Book Notes: Elizabeth Taylor’s Angel

Friends, rejoice at these good tidings: I have discovered a wonderful and unfairly forgotten author. I came across Elizabeth Taylor’s name (no relation to the actress) in Rafael Chirbes’s diaries. Chirbes speaks of Taylor with such admiration that I had to check her out. Of course, it turned out that Chirbes was absolutely right. Taylor’s writing is superb. Every word in her novel Angel is absolutely delicious.

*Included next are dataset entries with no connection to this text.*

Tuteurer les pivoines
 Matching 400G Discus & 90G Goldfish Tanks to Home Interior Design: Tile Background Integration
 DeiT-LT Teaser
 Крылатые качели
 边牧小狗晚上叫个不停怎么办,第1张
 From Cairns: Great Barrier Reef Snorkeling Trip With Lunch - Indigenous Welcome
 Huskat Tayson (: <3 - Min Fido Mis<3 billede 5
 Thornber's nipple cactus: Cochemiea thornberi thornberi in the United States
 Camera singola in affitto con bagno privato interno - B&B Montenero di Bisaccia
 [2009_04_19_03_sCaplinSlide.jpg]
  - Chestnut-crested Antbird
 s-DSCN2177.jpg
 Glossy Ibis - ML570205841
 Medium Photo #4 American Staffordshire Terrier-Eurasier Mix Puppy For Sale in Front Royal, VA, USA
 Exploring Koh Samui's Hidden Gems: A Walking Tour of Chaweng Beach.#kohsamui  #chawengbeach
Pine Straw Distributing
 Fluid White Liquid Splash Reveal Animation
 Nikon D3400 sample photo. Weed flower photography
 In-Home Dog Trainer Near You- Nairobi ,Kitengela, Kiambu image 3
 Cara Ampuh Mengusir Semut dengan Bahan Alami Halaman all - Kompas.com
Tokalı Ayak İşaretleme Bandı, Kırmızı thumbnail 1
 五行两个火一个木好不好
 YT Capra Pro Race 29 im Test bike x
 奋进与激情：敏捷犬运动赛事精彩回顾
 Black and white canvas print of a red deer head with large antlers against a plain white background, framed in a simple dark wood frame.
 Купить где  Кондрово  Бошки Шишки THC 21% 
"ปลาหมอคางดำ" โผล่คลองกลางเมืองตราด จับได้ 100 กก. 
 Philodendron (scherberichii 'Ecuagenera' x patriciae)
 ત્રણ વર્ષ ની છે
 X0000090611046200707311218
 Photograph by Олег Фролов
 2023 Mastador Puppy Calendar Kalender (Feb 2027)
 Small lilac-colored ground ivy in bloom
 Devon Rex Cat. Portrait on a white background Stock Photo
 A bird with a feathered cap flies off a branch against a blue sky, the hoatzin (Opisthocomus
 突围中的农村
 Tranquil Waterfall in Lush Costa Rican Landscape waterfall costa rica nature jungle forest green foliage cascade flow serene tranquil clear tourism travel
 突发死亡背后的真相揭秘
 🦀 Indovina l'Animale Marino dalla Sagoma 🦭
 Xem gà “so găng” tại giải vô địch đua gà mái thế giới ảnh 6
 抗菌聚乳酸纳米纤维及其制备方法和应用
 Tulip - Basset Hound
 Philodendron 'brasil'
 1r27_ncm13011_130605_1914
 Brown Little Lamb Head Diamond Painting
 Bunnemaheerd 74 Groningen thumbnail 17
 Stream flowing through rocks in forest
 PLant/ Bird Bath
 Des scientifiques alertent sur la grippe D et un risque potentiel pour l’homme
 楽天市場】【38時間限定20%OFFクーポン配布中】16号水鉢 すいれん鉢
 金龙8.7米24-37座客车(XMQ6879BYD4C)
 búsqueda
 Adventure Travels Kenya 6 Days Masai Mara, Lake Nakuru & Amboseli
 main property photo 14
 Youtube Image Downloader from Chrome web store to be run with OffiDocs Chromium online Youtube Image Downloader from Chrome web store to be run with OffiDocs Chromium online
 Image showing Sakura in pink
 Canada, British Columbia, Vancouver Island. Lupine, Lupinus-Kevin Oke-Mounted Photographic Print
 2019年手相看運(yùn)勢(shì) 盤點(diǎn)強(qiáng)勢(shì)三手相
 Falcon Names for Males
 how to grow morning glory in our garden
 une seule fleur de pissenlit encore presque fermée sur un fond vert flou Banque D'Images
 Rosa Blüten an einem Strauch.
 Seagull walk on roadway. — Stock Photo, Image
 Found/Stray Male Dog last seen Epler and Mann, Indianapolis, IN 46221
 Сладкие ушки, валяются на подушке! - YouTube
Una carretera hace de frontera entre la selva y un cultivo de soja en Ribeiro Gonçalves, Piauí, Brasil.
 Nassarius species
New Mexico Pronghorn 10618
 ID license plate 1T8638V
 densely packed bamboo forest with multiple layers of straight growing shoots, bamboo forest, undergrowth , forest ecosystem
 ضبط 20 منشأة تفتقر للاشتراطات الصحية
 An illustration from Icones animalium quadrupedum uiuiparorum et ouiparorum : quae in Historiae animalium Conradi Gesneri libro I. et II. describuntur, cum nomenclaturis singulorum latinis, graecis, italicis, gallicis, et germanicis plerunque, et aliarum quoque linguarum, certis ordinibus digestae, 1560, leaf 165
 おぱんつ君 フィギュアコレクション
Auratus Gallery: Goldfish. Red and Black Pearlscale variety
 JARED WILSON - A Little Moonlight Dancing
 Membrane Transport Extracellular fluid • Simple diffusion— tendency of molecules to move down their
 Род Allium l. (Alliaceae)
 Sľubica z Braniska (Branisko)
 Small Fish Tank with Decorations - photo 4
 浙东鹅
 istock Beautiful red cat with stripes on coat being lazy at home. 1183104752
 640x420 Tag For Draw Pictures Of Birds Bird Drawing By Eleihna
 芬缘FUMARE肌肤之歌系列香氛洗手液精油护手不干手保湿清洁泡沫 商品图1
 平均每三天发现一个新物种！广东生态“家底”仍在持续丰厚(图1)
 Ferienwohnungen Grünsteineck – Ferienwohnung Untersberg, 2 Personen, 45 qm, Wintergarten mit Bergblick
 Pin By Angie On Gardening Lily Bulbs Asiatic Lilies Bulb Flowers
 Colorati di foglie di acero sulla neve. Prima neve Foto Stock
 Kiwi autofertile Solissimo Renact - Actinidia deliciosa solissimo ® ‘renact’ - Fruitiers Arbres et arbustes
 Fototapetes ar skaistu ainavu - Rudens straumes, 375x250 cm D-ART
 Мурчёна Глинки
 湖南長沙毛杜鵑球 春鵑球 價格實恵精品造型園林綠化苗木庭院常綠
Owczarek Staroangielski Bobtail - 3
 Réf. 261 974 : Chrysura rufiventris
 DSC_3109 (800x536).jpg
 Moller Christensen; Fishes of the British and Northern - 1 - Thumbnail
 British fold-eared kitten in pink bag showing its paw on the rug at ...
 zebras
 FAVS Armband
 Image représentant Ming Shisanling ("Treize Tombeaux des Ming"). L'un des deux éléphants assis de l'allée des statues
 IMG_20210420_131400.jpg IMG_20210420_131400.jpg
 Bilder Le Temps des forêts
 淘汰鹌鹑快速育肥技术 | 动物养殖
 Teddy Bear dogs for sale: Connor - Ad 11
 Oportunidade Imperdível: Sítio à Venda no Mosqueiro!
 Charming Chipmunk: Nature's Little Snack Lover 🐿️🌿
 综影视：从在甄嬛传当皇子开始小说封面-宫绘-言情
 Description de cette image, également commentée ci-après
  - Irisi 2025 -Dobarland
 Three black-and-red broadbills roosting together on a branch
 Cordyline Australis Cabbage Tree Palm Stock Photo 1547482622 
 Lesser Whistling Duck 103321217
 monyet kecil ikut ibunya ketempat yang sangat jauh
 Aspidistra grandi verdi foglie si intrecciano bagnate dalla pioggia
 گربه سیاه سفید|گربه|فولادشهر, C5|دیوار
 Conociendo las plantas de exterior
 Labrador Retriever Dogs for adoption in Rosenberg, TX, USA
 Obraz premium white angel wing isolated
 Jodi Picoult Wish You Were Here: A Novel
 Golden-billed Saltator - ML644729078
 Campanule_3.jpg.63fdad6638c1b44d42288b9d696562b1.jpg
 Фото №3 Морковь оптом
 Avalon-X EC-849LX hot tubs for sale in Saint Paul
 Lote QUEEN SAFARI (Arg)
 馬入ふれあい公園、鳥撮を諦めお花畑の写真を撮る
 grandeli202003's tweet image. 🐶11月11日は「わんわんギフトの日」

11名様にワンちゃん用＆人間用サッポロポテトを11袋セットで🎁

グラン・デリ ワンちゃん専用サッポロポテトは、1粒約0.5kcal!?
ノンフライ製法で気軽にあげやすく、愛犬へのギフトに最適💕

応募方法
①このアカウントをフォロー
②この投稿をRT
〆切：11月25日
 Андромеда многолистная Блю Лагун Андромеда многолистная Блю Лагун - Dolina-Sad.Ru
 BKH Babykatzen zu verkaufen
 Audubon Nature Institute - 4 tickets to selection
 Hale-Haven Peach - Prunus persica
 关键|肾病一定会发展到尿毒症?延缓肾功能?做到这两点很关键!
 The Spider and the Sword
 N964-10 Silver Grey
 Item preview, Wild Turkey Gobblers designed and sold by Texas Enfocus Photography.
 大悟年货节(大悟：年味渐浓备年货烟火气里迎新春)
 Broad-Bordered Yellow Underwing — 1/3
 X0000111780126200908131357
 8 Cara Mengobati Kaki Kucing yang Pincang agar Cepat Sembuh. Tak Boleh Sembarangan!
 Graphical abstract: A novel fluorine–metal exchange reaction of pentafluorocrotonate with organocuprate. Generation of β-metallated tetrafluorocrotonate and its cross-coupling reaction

Angel Deverell, the protagonist of the novel, is a writer of vulgar, verbose, yet very popular novels. Taylor’s own extremely restrained and tasteful writing style offers a hilarious contrast with Angel’s pompous scribblings. A lot more interesting than Angel’s books is her personality. She’s the most absurd, stubborn, and clueless person in existence. The novel traces Angel’s life from adolescence to old age, and in spite of the woman’s narcissism and absurdity, it’s hard not to get attached to her.

Taylor is a mid-twentieth-century British writer. It’s extraordinary that somebody this talented was mostly forgotten. If you have no time, I recommend reading at least a couple of random pages by her. Every word she uses is so precise, so needed that reading becomes pure joy.